Dia mengaku otoritas pencairan uang ada di tangan kades. Hal yang sama juga diakui saksi Hasni. Dia mengatakan, kepala desa yang memiliki wewenang melakukan pencairan uang. Setiap uang yang dicairkan pun tidak diketahui bendahara.  Lantaran, uang itu langsung masuk ke rekening milik mereka.

“Kades tidak pernah lapor kalau sudah cair. Setiap kali begitu, saya juga tidak tanya,” ujar Hasni.

Setelah pengakuan kedua saksi itu, sidang yang dipimpin majelis hakim Felix Wiusan, didampingi Yanti Wattimury dan Essau Yerisitouw selaku hakim anggota ditunda pecan depan dengan agenda yang sama.

Sebelumnya dalam dakwaan, Jaksa Penuntut Umum Asmin Hamja mengungkapkan, eks Raja Negeri Karlutukara Kabupaten Maluku Tengah, Matheos Erbabley bersama bendahara Theo Hengky Aliputy serta Sekretaris Negeri Hengky Rumawagtine telah memperkaya diri sendiri menggunakan uang Negara sebesar Rp. 215 juta.

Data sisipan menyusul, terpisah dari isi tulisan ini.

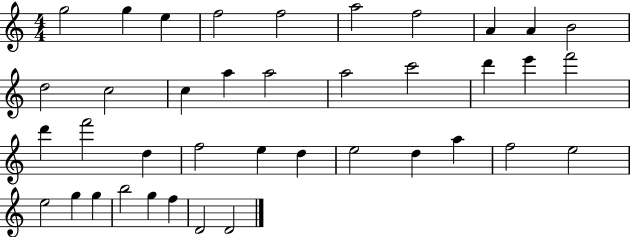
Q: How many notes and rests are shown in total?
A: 39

Kata JPU, para terdakwa ini menyalahgunakan DD dan ADD Karlutukara, Kabupaten Maluku Tengah. JPU menyebut, para terdakwa telah melakukan perbuatan melawan hukum menggunakan ADD dan DD tanpa didukung bukti dan tidak ada realisasi kegiatan atau pengadaan barang, dan nilainya tidak sesuai dengan realisasi harga serta tidak sesuai anggaran pendapatan belanja  Negeri Karlutukata.

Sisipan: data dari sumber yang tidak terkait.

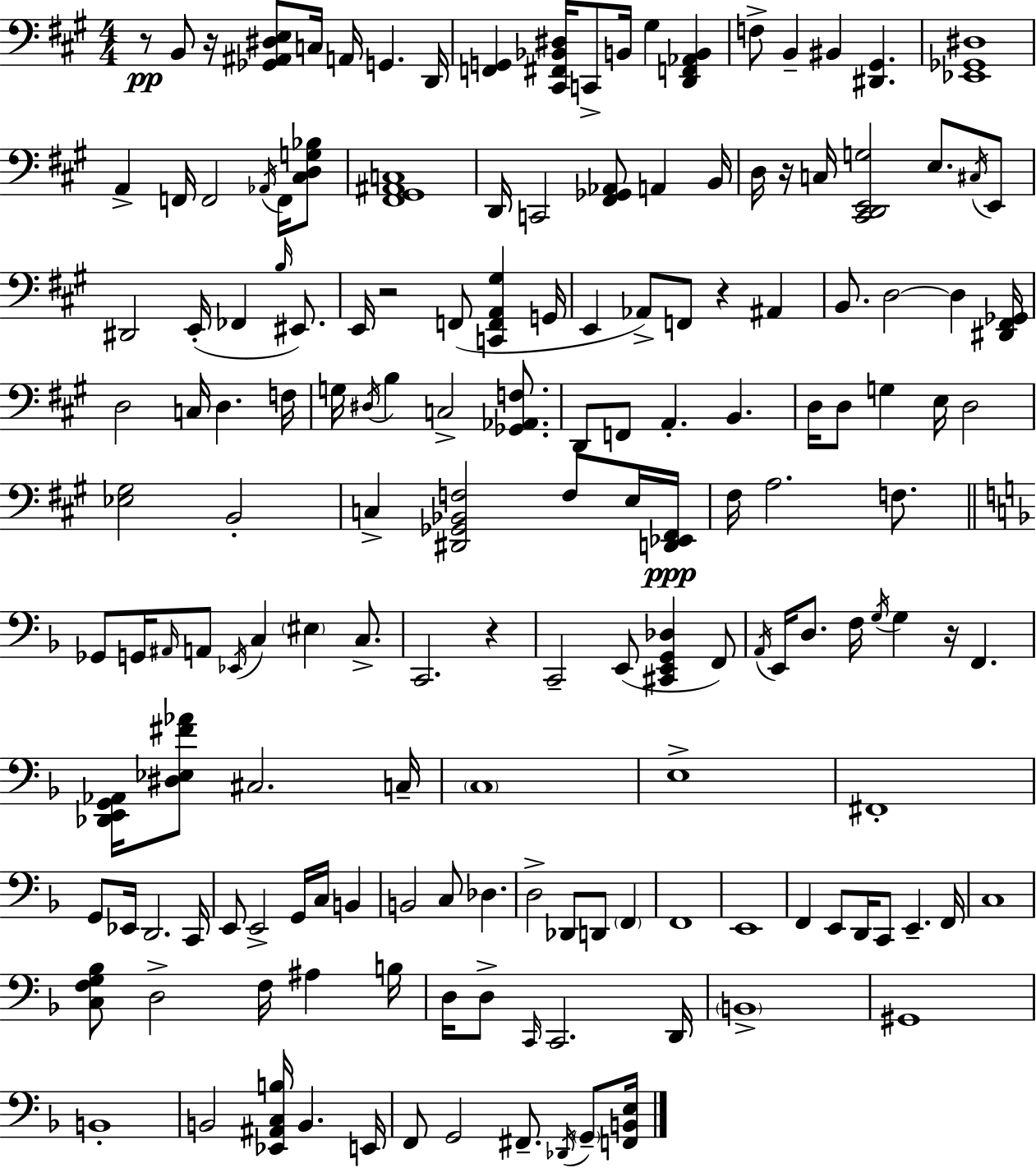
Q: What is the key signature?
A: A major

Dalam dakwaan jaksa menyebutkan, pada pertengahan bulan Juni sekitar tahun 2015, Karlutukaara mendapatkan DD sebesar Rp 271 juta dan ADD Rp. 87,7 juta. Totalnya senilai Rp. 360 juta.

Selanjutnya pada tahun 2016, Karlutukara mendapatkan DD sebesar Rp 608 juta dan ADD sebesar Rp 102 juta. Totalnya Rp. 711 juta.

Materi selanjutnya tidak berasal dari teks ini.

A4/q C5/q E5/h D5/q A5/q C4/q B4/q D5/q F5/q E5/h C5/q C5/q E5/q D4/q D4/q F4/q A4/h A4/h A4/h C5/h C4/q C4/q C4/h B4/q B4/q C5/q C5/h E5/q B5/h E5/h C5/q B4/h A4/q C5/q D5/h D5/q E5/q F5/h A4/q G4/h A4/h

Uang itu dicairkan secara bertahap. Pada tahun 2015 uang dicairkan sebanyak tiga tahap. Tahap pertama sebesar 40%, tahap kedua 40%, dan tahap ketiga sebesar 20%. Sedangkan pada tahun 2016, penyaluran DD dilakukan dua tahap yakni tahap pertama 60% dan tahap kedua 40%.

“Terdakwa Matheos secara sepihak mencairkan dana desa, tanpa melibatkan badan saniri negeri.

Padahal dana desa harus dilakukan sesuai dengan permusyawaratan,” beber jaksa. Hal itu diketahui, karena pada tahun 2015 dan 2016 tidak ada berita acara musyawarah antara pejabat pemerintahan negeri dan perangkat saniri negeri Karlutukara, Kecamatan Seram Utara Barat.

“Alasan para terdakwa karena mereka belum percaya kepada kepala seksi dari masing-masing bidang untuk mengelola anggaran DD. Sehingga hanya bendahara dan sekretaris yang diperintahkan untuk mengelola dana tersebut untuk dibelanjakan mata kegiatan,” ujar jaksa.

Para terdakwa memiliki uang yang bersumber dari DD dan mereka tidak mencatat dalam buku kas umum dan buku kas pembantu. Juga tidak ada bukti penyerahan uang tersebut, karena mereka belum mengetahui terkait administrasi keuangan negeri.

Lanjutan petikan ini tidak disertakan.